I still think for the things you have listed, those dimensions are hugely optimistic. If you have some sketches or whatever to prove me wrong, I'll happily admit my mistake, but I'm pretty confident I'm not.
For reference the Falcon Tiki is around 100mm*325mm*350mm and the Silverstone Raven RVZ01 is around 102mm*375mm*344mm both of which are (as far as I can tell) reasonably similar to what you are considering. I'm of course assuming you'd use a PCIe riser in a similar fashion to those cases. Both only support a slim ODD and less drive bays than you are suggesting though.
 
Solution

jeepman32

Honorable
Jan 14, 2014
5
0
10,510
Okay, so the GPU would be suspended by a 2U riser card, and the power supply (not being fully Flex ATX (I know it is backplane)) would sit on top of the GPU. The "PWS-707-1S" from SuperMicro is about the same dimensions, if a bit longer than a GPU. Put it on top and then that is the power requirement fulfilled. 156mm of space is left over. A laptop DVD drive is 120x120mm, and underneath its profile it can fit 4 2.5" drives. One mSata, one CD drive, 6 SATA filled. Heatsink occupies only available space and does not use more than is available. So, a bit of maths. For the width, 16cm (because the PCIe mounts on the board, which is about 1cm)+10cm=26cm. For the length, it is the longest component, hence 32.6cm. Height, being a little bit optimisic, is 4+4cm=8cm Adding in tolerances for external dimensions 27cm,34cm,9cm.
 

TrueOtaku

Honorable
Feb 14, 2013
19
0
10,520
My question is..if that board only has 6 sata boards and they are all occupied by HDDs.. whats going to connect that bluray player? Second who needs 6 HDDs? im slightly confused..You can always just get less hardrives with more storage.. Are you going to be putting 6 4tb HDDs in there? who needs 24 tbs of space in a steambox?
 

Rammy

Honorable
Those dimensions are definitely a little more realistic (though I imagine perhaps still a bit down on where they might be).
If you go up to 90mm depth and beyond, it's perhaps worth considering a standard ATX or SFX PSU.

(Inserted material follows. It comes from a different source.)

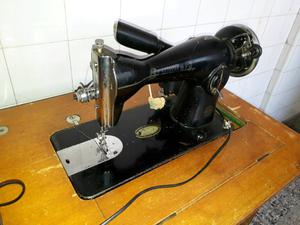 Maquina de coser eléctrica Marca Bromberg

As a general observation, pictures would definitely help convey your idea.
 

jeepman32

Honorable
Jan 14, 2014
5
0
10,510
I'll have to cad up a snazzy design in the morning, but everything fits together. Because the PSU is only 40mm high, it sits on top of the GPU, and the ATX PSU design is a bit wasteful of space, and SFX only goes to 450w.